====== DATA EXTRACTS ======

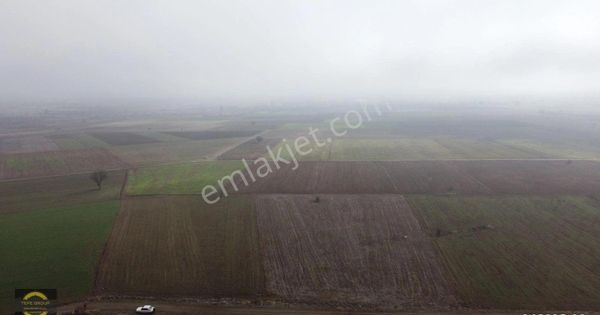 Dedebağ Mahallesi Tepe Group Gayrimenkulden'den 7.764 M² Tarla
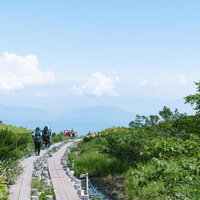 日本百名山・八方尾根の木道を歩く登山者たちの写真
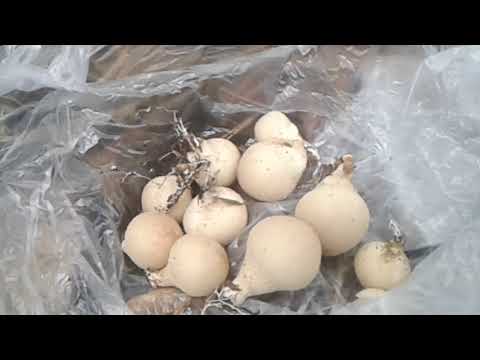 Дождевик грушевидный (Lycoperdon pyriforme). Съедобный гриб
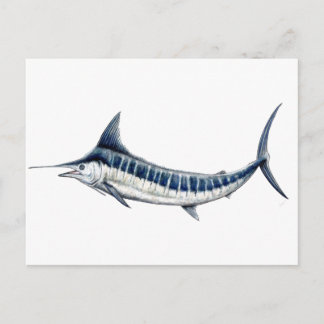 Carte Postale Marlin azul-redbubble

======
====== DATA EXTRACTS ======

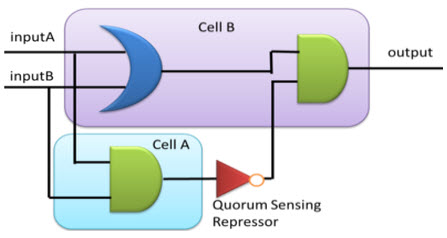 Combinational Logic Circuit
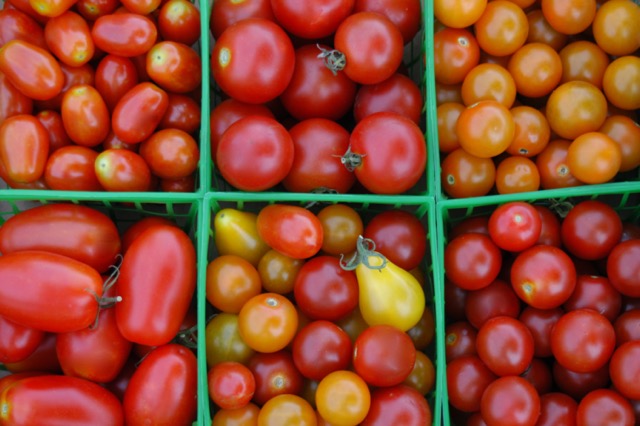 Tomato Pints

======
====== DATA EXTRACTS ======

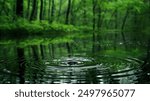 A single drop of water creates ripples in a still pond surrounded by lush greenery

======

__WHAT YOU ARE ASKED TO DO__. When copying from the data above, print only the lines from the line containing "日本百名山・八方尾根の木道を歩く登山者たちの写真" to the line containing "Carte Postale Marlin azul-redbubble", exactly, and leave the pictures out.

__WRITTEN ANSWER__.
 日本百名山・八方尾根の木道を歩く登山者たちの写真
 Дождевик грушевидный (Lycoperdon pyriforme). Съедобный гриб
 Carte Postale Marlin azul-redbubble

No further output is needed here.